Lee Iacocca writes
"Am I the only guy in this country who's fed up with what's happening? Where the hell is our outrage? We should be screaming bloody murder. We've got a gang of clueless bozos steering our ship of state right over a cliff, we've got corporate gangsters stealing us blind, and we can't even clean up after a hurricane much less build a hybrid car. But instead of getting mad, everyone sits around and nods their heads when the politicians say, "Stay the course."
Stay the course? You've got to be kidding. This is America, not the damned Titanic. I'll give you a sound bite: Throw the bums out!

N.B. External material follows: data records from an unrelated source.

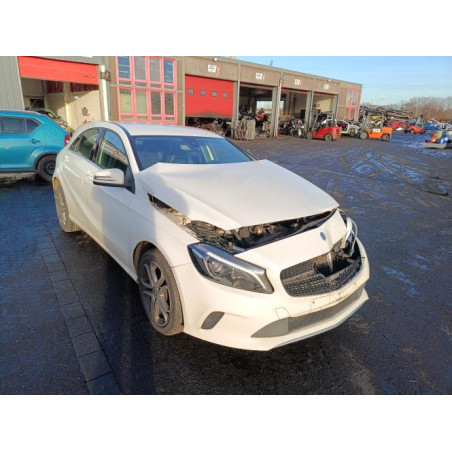 Ecran GPS MERCEDES CLASSE A 176 Photo n°1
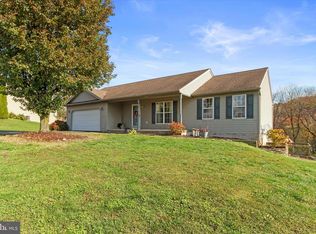 290 Abbey Dr, Mount Wolf, PA 17347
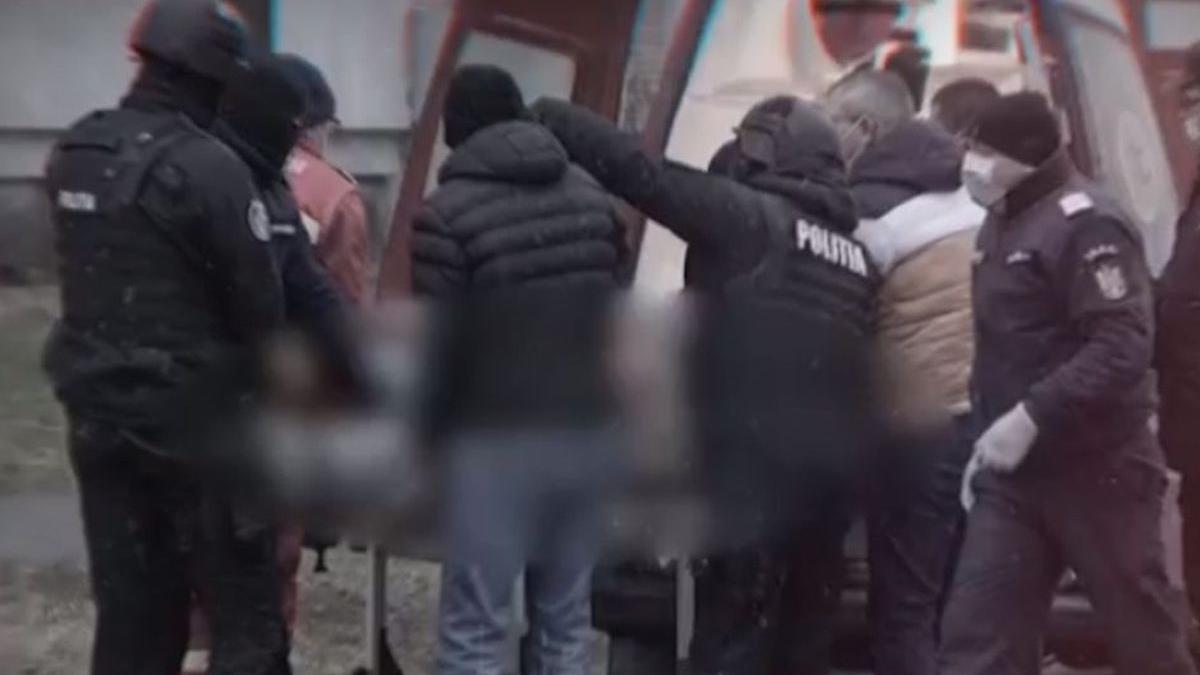 Cum se spală pe mâini de răspundere șeful operațiunii Onești, unde au murit doi oameni: „Decizia o ia cel de la fața locului. Eu am ajuns după 17.30”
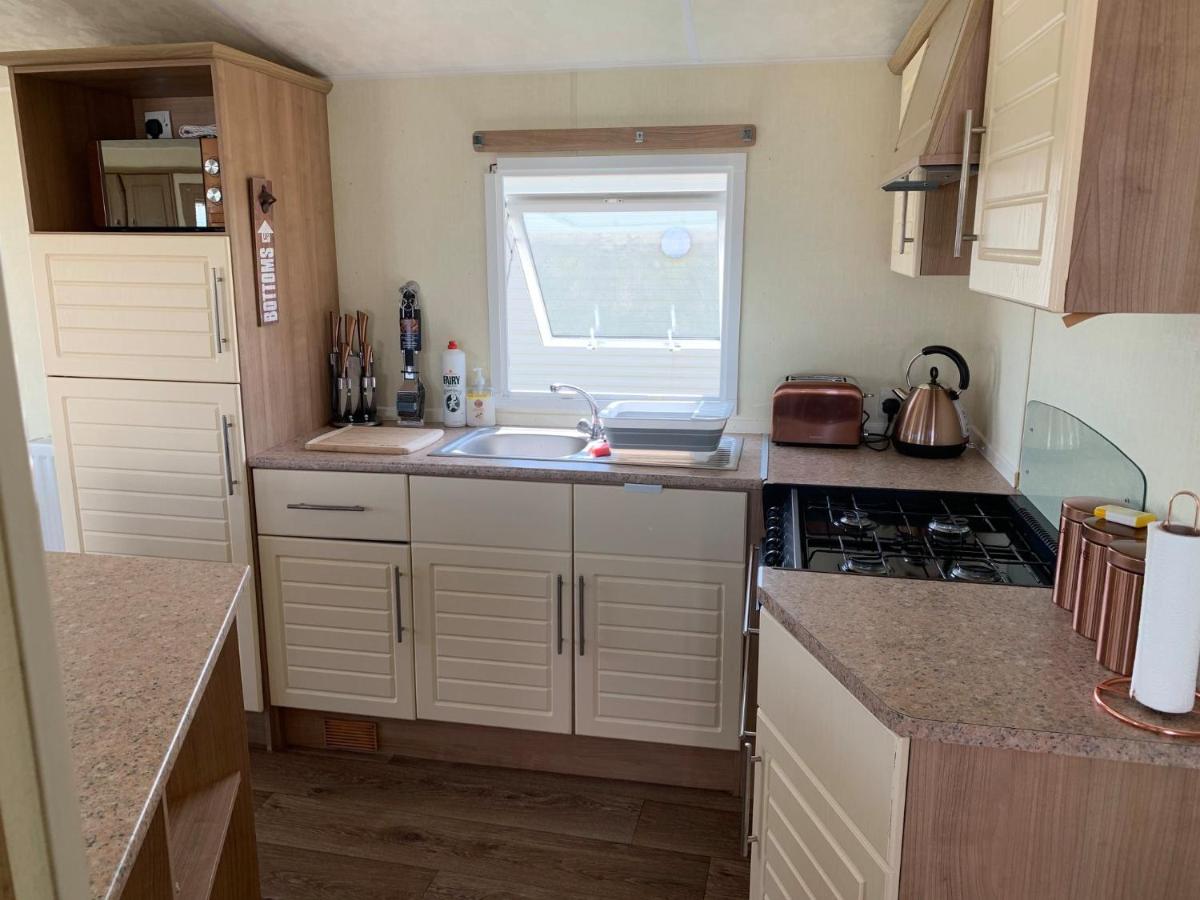 Broadland Sands Caravan - Housity
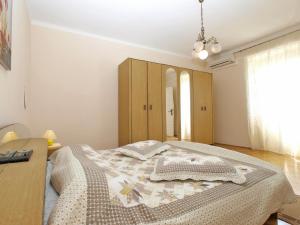 a bedroom with a bed and a desk at Ferienwohnung für 6 Personen ca 75 qm in Valtura, Istrien Südküste von Istrien in Valtura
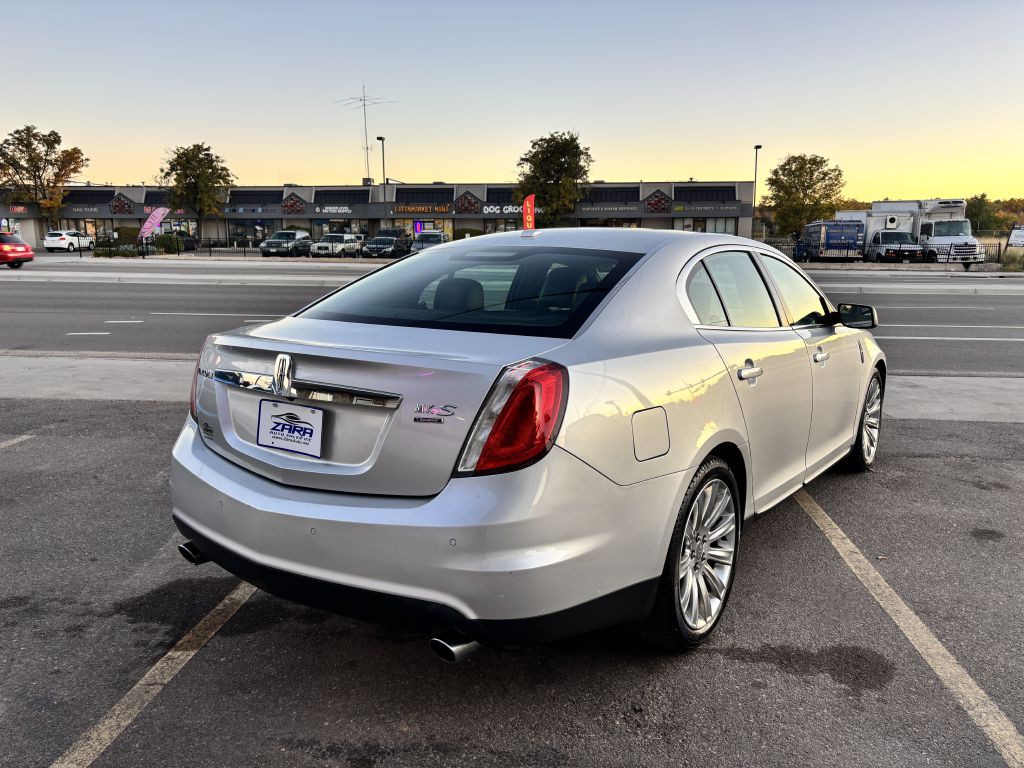 2010 Lincoln MKS Image 7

You might think I'm getting senile, that I've gone off my rocker, and maybe I have. But someone has to speak up. I hardly recognize this country anymore. The President of the United States is given a free pass to ignore the Constitution, tap our phones, and lead us to war on a pack of lies. Congress responds to record deficits by passing a huge tax cut for the wealthy (thanks, but I don't need it). The most famous business leaders are not the innovators but the guys in handcuffs. While we're fiddling in Iraq, the Middle East is burning and nobody seems to know what to do. And the press is waving pom-poms instead of asking hard questions. That's not the promise of America my parents and yours traveled across the ocean for. I've had enough. How about you?

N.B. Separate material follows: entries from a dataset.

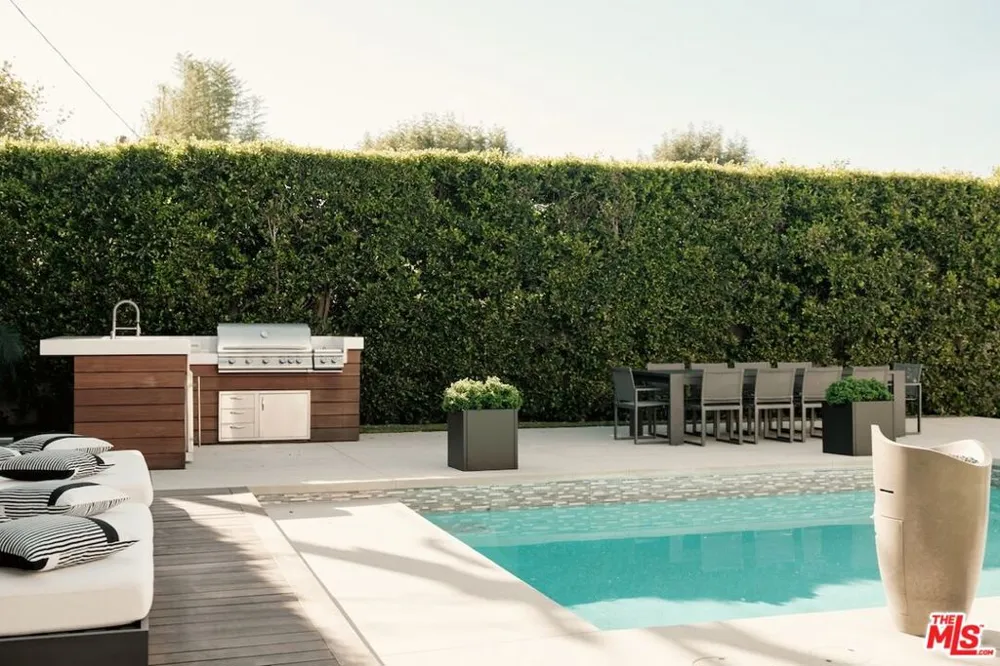 4049 Coldwater Canyon Avenue Studio City, CA 91604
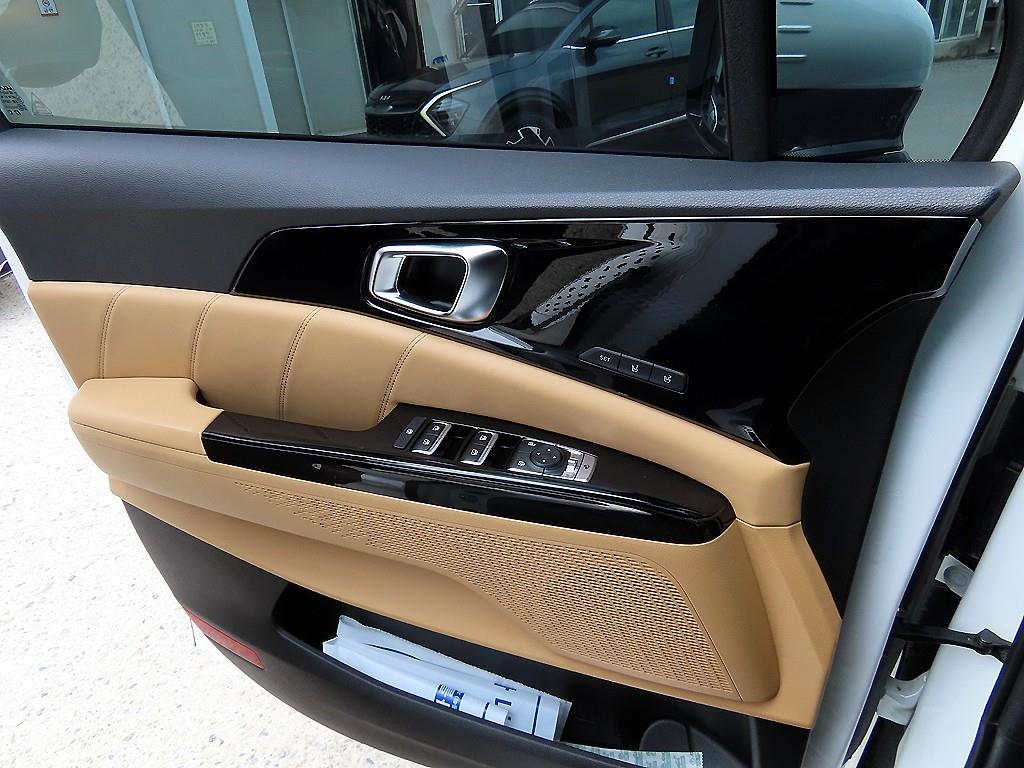 KIA Carnival - Vista 12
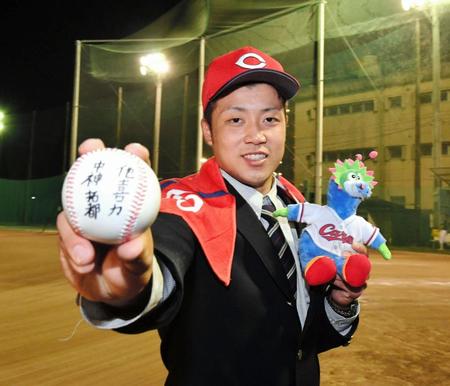 座右の銘の「他喜力」と書いたボールを手に笑顔を見せる広島４巡目の市立岐阜商・中神拓都＝市立岐阜商グラウンド（撮影・持木克友）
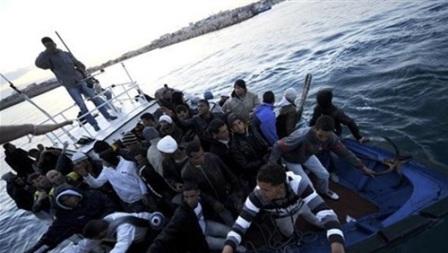 إنقاذ حوالى ألف مهاجر في مضيق صقلية 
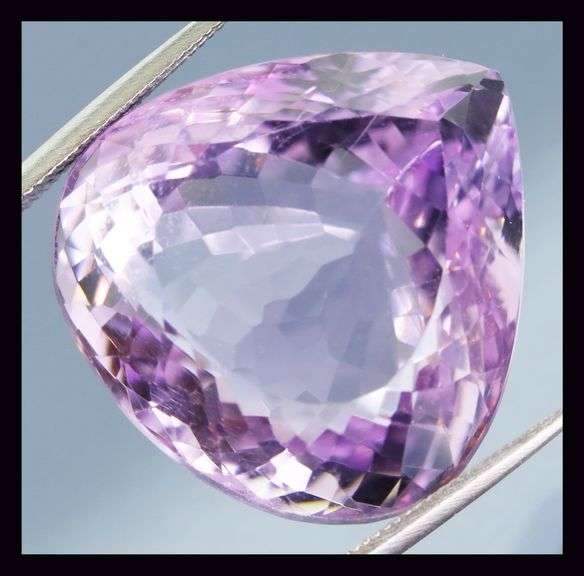 Striking 29.59ct pinkish violet Amethyst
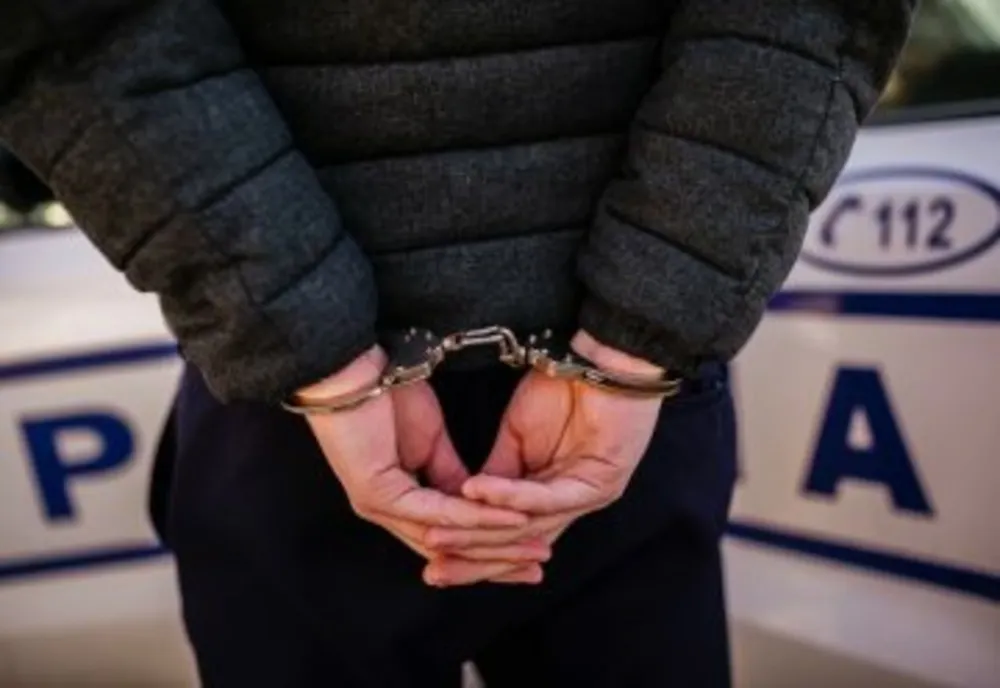 La 15 ani a tâlharit un bătrân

I'll go a step further. You can't call yourself a patriot if you're not outraged. This is a fight I'm ready and willing to have.
My friends tell me to calm down. They say, "Lee, you're eighty-two years old. Leave the rage to the young people." I'd love to—as soon as I can pry them away from their iPods for five seconds and get them to pay attention. I'm going to speak up because it's my patriotic duty. I think people will listen to me. They say I have a reputation as a straight shooter. So I'll tell you how I see it, and it's not pretty, but at least it's real. I'm hoping to strike a nerve in those young folks who say they don't vote because they don't trust politicians to represent their interests. Hey, America, wake up. These guys work for us.
Who Are These Guys, Anyway?
Why are we in this mess? How did we end up with this crowd in Washington? Well, we voted for them—or at least some of us did. But I'll tell you what we didn't do. We didn't agree to suspend the Constitution. We didn't agree to stop asking questions or demanding answers. Some of us are sick and tired of people who call free speech treason. Where I come from that's a dictatorship, not a democracy.
And don't tell me it's all the fault of right-wing Republicans or liberal Democrats. That's an intellectually lazy argument, and it's part of the reason we're in this stew. We're not just a nation of factions. We're a people. We share common principles and ideals. And we rise and fall together.
Where are the voices of leaders who can inspire us to action and make us stand taller? What happened to the strong and resolute party of Lincoln? What happened to the courageous, populist party of FDR and Truman? There was a time in this country when the voices of great leaders lifted us up and made us want to do better. Where have all the leaders gone?"
A young blogger, Steve Olsen writes
"When did we decide to allow the police to smash into private homes without knocking and identifying themselves? Recently, in the suburb I live in, a special police force dressed in black Nazi style uniforms busted into a suburban home without warning and dragged a school teacher out of her house with an automatic weapon at the back of her head. They forced her to the ground, handcuffed her, and hauled her away while her neighbors watched. They did it without a warrant and without consequence. Why? A misunderstanding. That is precisely why we need checks in place, to avoid misunderstandings and abuses. The police chief said, “When we realized it was a mistake, we all had a good laugh.” If a group of unidentified men dragged his wife away at gunpoint, I wonder if he would still think it was funny.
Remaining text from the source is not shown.